6.2.1.1 Fréquences relatives des taxons

La liste des mammifères identifiés jusqu’à présent atteint une vingtaine d’espèces (D. Helmer, communication personnelle). Les carnivores comprennent le chat sauvage (Felis catus cf. sylvestris), le chat des marais (F. chaus), le chien (Canis familiaris), le chacal (C. aureus), le renard commun (Vulpes vulpes), le blaireau (Meles meles) et le putois marbré (Vormela peresguna). Parmi les équidés, nos études préliminaires suggèrent au moins deux espèces (Equus hemionus et E. africanus). Il est démontré que la réduction de la taille des bovins (Bos) de Dja’de el Mughara par rapport à ceux du PPNA (Jerf el Ahmar, Mureybet) marque le début du processus de domestication de cet animal dont le statut domestique est clairement attestée au PPNB moyen dans les premiers niveaux d’occupation du site voisin de Halula (Saña Seguí, 1999 ; Peters et al., sous presse). Des spécimens de grande taille indiquent tout de même la coexistence de l’aurochs (Bos primigenius) et des bovins domestiques. Les gazelles appartiennent à l’espèce Gazella subgutturosa et semblent en moyenne de taille légèrement inférieure à celle des populations de Jerf el Ahmar (Helmer, 2000a). Le daim de Mésopotamie (Dama mesopotamica), le sanglier (Sus scrofa) et le mouflon oriental (Ovis orientalis) étaient chassés occasionnellement. Outre certains carnivores déjà mentionnés, les mammifères de petite taille sont représentés par le lièvre (Lepus cf. capensis), le hérisson oriental (Erinaceus concolor), le castor (Castor fiber) et plusieurs micromammifères dont l’étude fut confiée à A. Haidar (thèse en préparation).

Les données quantifiables recueillies par D. Helmer avec notre collaboration sont présentées dans le tableau 6.1 et concernent la séquence partielle du sondage C (couches F à A3, en partant de la base).

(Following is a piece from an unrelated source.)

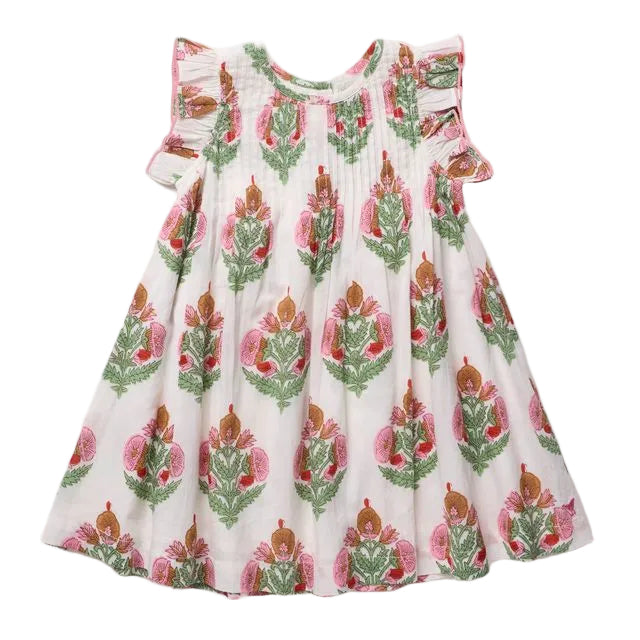 Girls Jaipur Dress - Pink Bellflower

Les fréquences relatives sont, de manière générale, proches de celles observées à Mureybet III et à Jerf el Ahmar. Il existe des variations entre les niveaux mais il est encore trop tôt pour parler de tendances évolutives, compte tenu de la nature localisée de cet inventaire. Ainsi, certains secteurs du site paraissent plus diversifiés que d’autres en fonction des contextes archéologiques (zones détritiques, espaces extérieurs, aires d’habitat, etc.). Dans les assemblages étudiés, on constate la prédominance des gazelles et des équidés qui constituent respectivement 34 à 70 % et 20 à 47 % de la faune. Les bovins occupent une place secondaire mais relativement importante avec plus de 13 % des restes en moyenne, comme dans le PPNA de Mureybet et de Jerf el Ahmar, mais on note que leurs restes peuvent atteindre jusqu’à 23,5 % dans le « niveau » G des secteurs C-D. Cette fréquence est en revanche toujours inférieure à celle obtenue dans les niveaux contemporains de Mureybet (phase IVA), qui, nous l’avons vu, est imputable à la faiblesse des effectifs déterminés et non forcément à une augmentation soudaine de l’exploitation de cet animal comme l’avait tout d’abord suggéré P. Ducos (1978). Les autres ongulés ne forment qu’une part mineure de la faune chassée puisque leurs fréquences cumulées ne dépassent pas 5 %, et la petite faune mammalienne semble représenter moins de 2 % des restes.

A l’instar des sites PPNA de la moyenne vallée de l’Euphrate, Dja’de el Mughara se caractérise donc par une chasse à la fois spécialisée sur les grands mammifères et diversifiée du point de vue du cortège taxinomique. Il se singularise surtout par le fait que la domestication des bovins est très probablement effective dans ces occupations.